When Tumarkin was a teenager, her family left USSR to emigrate to Australia. Not long after, the Societ Union fell apart.

Returning to the country of your birth and childhood with your own child almost twenty years later is bound to stir up memories in ways expected and unexpected. Family history is often fraught with ghosts at the best of times, but when the country you left behind was the USSR and the country you are returning to is now Ukraine, these family memories became caught up in a myriad of political, social and cultural constructs that blur and confuse what really happened and why.

Those who stayed and lived through the catastrophic early 1990’s had to count the cost every day of the collapse of the Soviet Union – unpaid wages, poverty, lost jobs, lawlessness and fear.

For Tumarkin this journey was ‘a literary bridge‘ to be crossed, an inevitable ‘archetypal narrative‘. She described her families immigration experience as not only ‘a cultural and linguistic readjustment‘ but a much deeper and more complex process of ‘rewiring‘. Her father decided that when he left the USSR it was for good. He would never return ‘resolved to live wholeheartedly in Australia, to turn it from this to my country‘. Her mother also chose not to return, but for her it was more a sense of guilt. She was worried that her friends, who had lived through the upheaval and chaos of the 1990’s, would think she was showing off or acting superior, if she returned. For her, the gap in lived experiences was too great to negotiate.

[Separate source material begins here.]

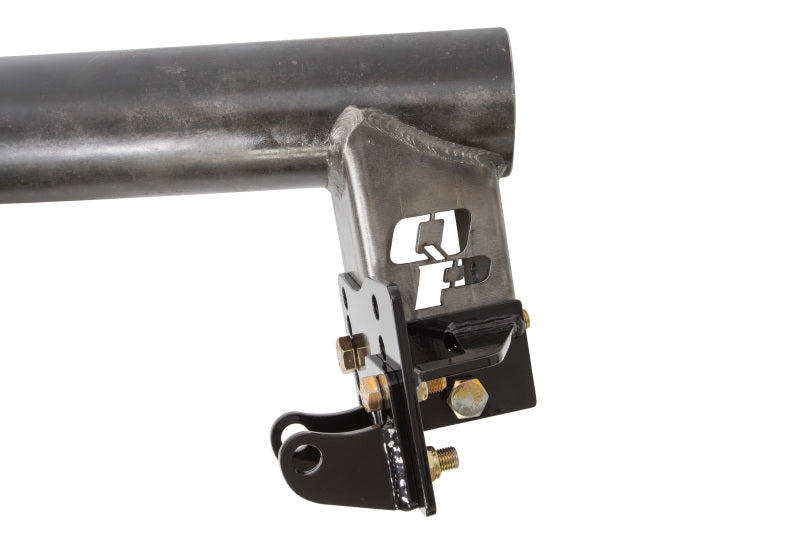 UMI Performance 3054 Rear Coilover Bracket Kit for 1978-1988 GM G-Body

Travelling with an almost teenage daughter comes with it’s own perils.

The usual, expected tensions between a mother and daughter at this age were evident. Complications arose when her daughter did not respond or react in the ways that Tumarkin was hoping for. Parental expectations were confounded, and sometimes disappointed, but she was more often astonished by the moments that did capture her daugther’s imagination. They obviously shared a very close, intense bond. I am always a fascinated observor (part wonder, part envy, part aversion) of such powerful & intimate mother/daughter relationships. I would love to know how both of them feel about this time they had together now, a decade later.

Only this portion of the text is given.